There was no unexpected information published in the international media about the meetings that the Egyptian Minister of Petroleum Tariq al-Mulla had with Israeli officials led by Prime Minister Benjamin Netanyahu and President Reuven Rivlin. But the unexpected came from al-Mulla’s visit that extended to the Palestinian territories to meet with President Mahmoud Abbas and officials in the energy sector, which led to the announcement of the signing of an agreement to develop the Gaza Marine field on the Mediterranean.
The Gaza Marine field is the first discovered natural gas field in the eastern Mediterranean, followed by Israeli, Egyptian, and Greek discoveries that changed the region’s energy distribution map and raised conflicts between many countries bordering the Mediterranean. The field is still not exploited by the Palestinians, who found the Eastern Mediterranean Gas Forum two years ago a new international pressure tool to extract the right to develop it from Israel. With Israel’s refusal to develop it, British Gas exited the field, so the British-Dutch company and Royal Dutch Shell who planned to buy a stake, but both exited later in March 2018.
On the other hand, perhaps what accelerated the Egyptian move to sign the agreement to develop the only Palestinian field was the Qatari activity in Gaza and its strong presence in a recent declaration to solve the electricity crisis in the Strip. Last week, the last announcement was made after the signing of an agreement between Qatar, the United Nations, and the European Union in coordination with Israel and the Palestinian government.
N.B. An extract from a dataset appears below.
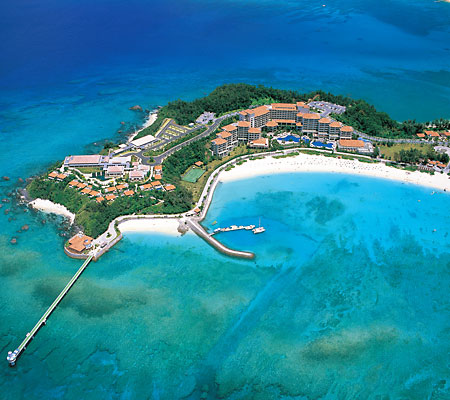 名護湾と東シナ海に挟まれた夕陽の名所・ブセナ岬に建つ、国際級リゾートホテル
Cairo may fear the entry of Qatar as a strong player to the eastern Mediterranean, which could turn into a partner in a new sector for the Palestinians by developing the field close to Egypt’s borders and its gas fields. With the assumption that Qatar will obtain a contract to develop the Palestinian field first, it will be active in a region rich in gas. Secondly, it will work with advanced technical capabilities that may open up other gas discoveries. Egypt has always been clear about its efforts to become a regional energy centre through its discoveries in the Mediterranean and the signing of contracts to import Israeli gas for re-exporting it to Europe.
Al-Mulla’s visit to Israel came three weeks after Egypt denied the existence of any negative effects that the Suez Canal might face, due to Israeli shipping lines that might extend between the Red Sea and the Mediterranean which are located south and west of Israel.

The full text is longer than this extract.